Requirements and Installation

  • PyTorch version >= 1.11.0
  • Python version >= 3.7
  • To install PyDec and develop locally:
git clone https://github.com/njunlp/pydec
cd pydec
pip install --editable ./
  • To install the latest stable release:
pip install pydec

Getting Started

Example: deompose a tiny network

As a simple example, here's a very simple model with two linear layers and an activation function. We'll create an instance of it and get the decomposition of the output:

import torch

class TinyModel(torch.nn.Module):
    def __init__(self):
        super(TinyModel, self).__init__()

        self.linear1 = torch.nn.Linear(4, 10)
        self.activation = torch.nn.ReLU()
        self.linear2 = torch.nn.Linear(10, 2)

    def forward(self, x):
        x = self.linear1(x)
        x = self.activation(x)
        x = self.linear2(x)
        return x

tinymodel = TinyModel()

Given an input x, the output of the model is:

x = torch.rand(4)

print("Input tensor:")
print(x)

print("\n\nOutput tensor:")
print(tinymodel(x))

Out:

Input tensor:
tensor([0.7023, 0.3492, 0.7771, 0.0157])


Output tensor:
tensor([0.2751, 0.3626], grad_fn=<AddBackward0>)

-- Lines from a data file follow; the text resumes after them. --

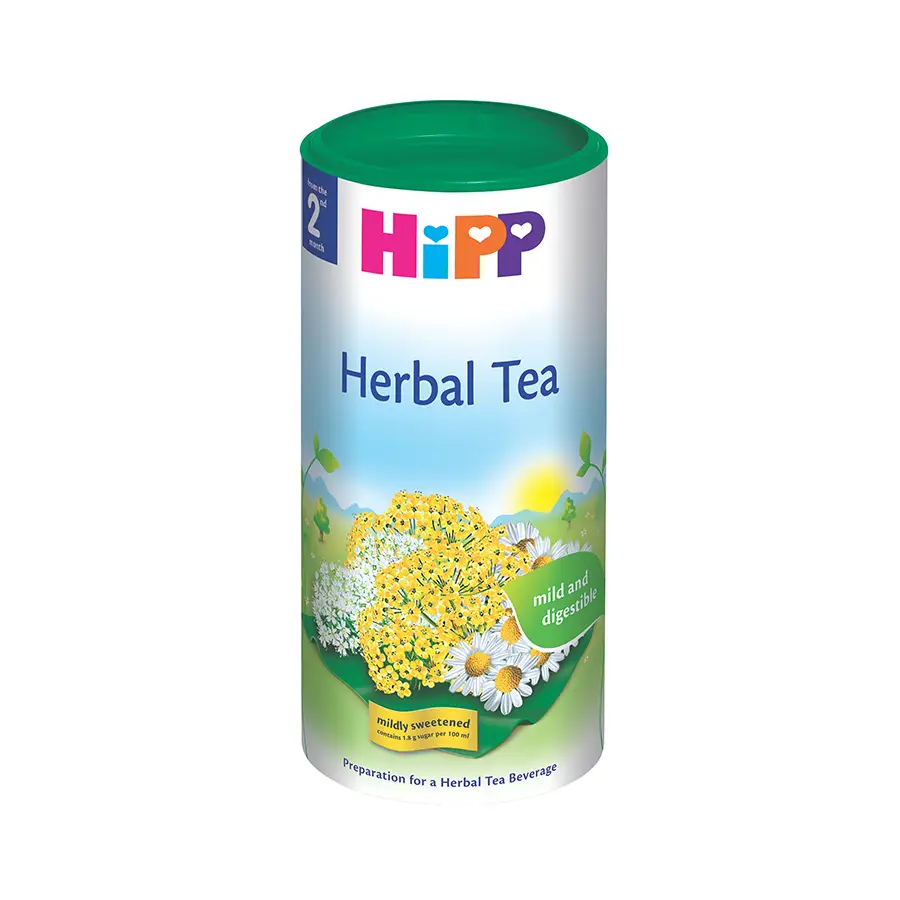 Чай HIPP с травами 200гр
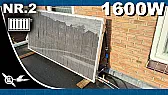 A 1600 Watt solar thermal collector for a steam engine project | &laquo; previous thread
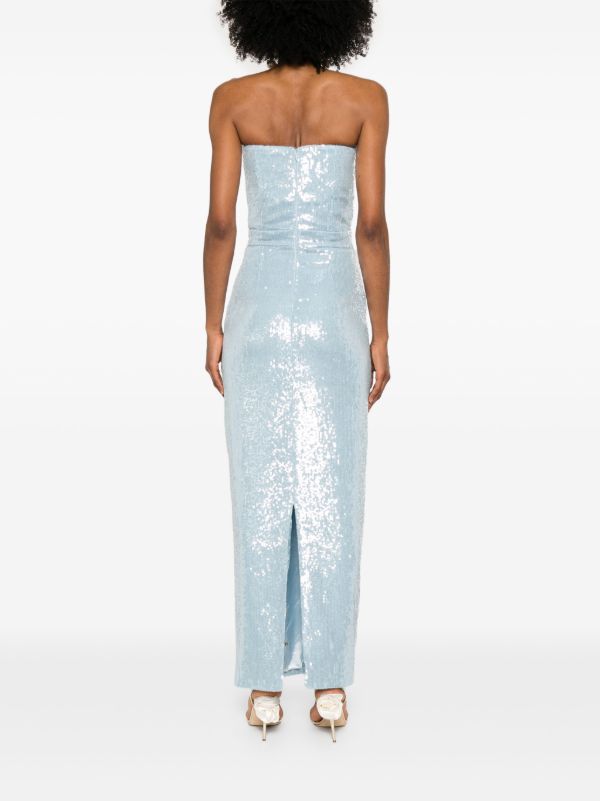 Browns The New Arrivals Ilkyaz Ozel Monique Gown | Browns Evening Dresses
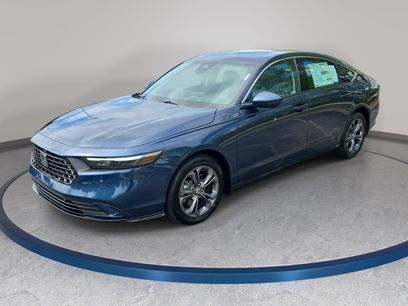 New 2026 Honda Accord EX-L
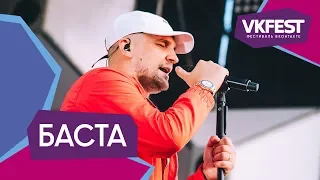 Баста. Live на VK FEST 2018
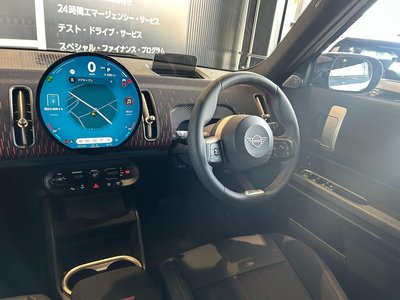 2025 MINI COOPER COUNTRYMAN — миниатюра 71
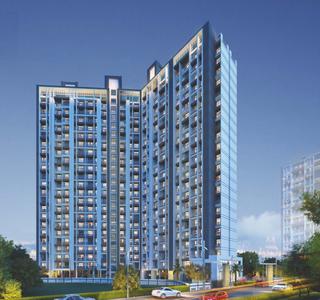 Project Image of 925 Sq.ft 2 BHK Apartment / Flat for sale in Mira Road East for Rs. 9500000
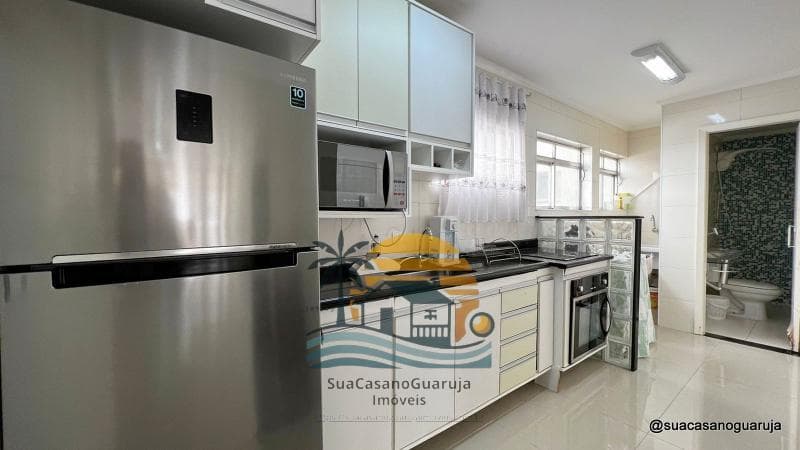 Apartamento à venda no bairro Praia Da Enseada – Aquário em Guarujá/SP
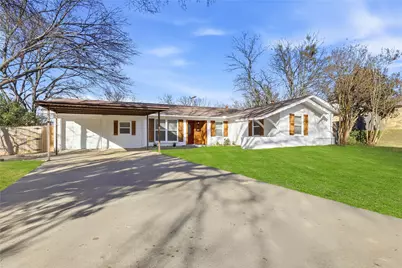 8004 Ferndale Drive, Benbrook, TX 76116 - Photo 1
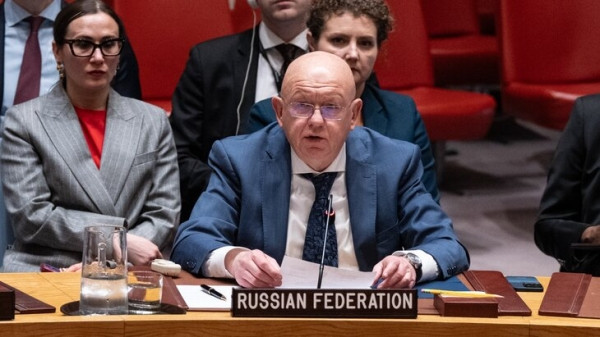 Небензя заявил, что Зеленский и лидеры ЕС стремятся к продолжению конфликта Небензя заявил, что Зеленский и лидеры ЕС стремятся к продолжению конфликта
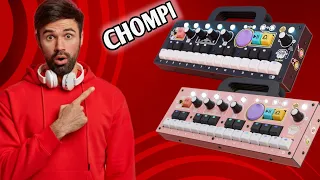 Chompi Review - Chompi Club Review ( Enjoy Music With CHOMPI )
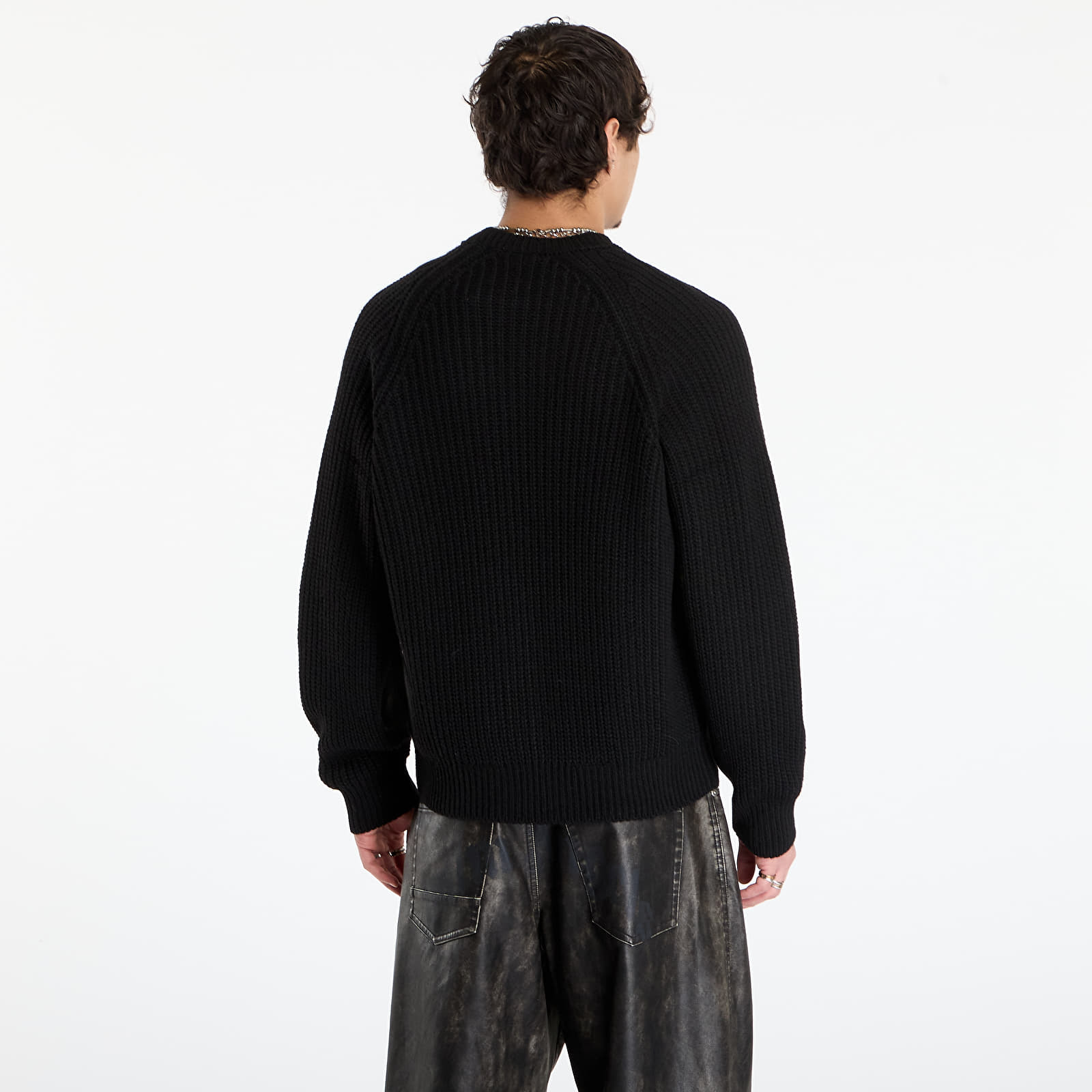 Kampsunid Carhartt WIP Firth Sweater Black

To decompose the output, just input the Composition initialized from x:

c = pydec.zeros(x.size(), c_num=x.size(0))
c = pydec.diagonal_init(c, src=x, dim=0)

print("Input composition:")
print(c)

c_out = tinymodel(c)

print("\n\nOutput composition:")
print(c_out)

Out:

Input composition:
composition{
  components:
    tensor([0.7023, 0.0000, 0.0000, 0.0000]),
    tensor([0.0000, 0.3492, 0.0000, 0.0000]),
    tensor([0.0000, 0.0000, 0.7771, 0.0000]),
    tensor([0.0000, 0.0000, 0.0000, 0.0157]),
  residual:
    tensor([0., 0., 0., 0.])}


Output composition:
composition{
  components:
    tensor([-0.0418, -0.0296]),
    tensor([0.0566, 0.0332]),
    tensor([0.1093, 0.1147]),
    tensor([ 0.0015, -0.0018]),
  residual:
    tensor([0.1497, 0.2461]),
  grad_fn=<AddBackward0>}

Each component of the output composition represents the contribution of each feature in x to the output. Summing each component yields the tensor of original output:

print("Sum of each component:")
print(c_out.c_sum())

Out:

Sum of each component:
tensor([0.2751, 0.3626], grad_fn=<AddBackward0>)

Documentation

The full documentation contains examples of implementations on real-world models, tutorials, notes and Python API descriptions.

Linear Decomposition Theory

To understand the principles and theories behind PyDec, see our paper Local Interpretation of Transformer Based on Linear Decomposition.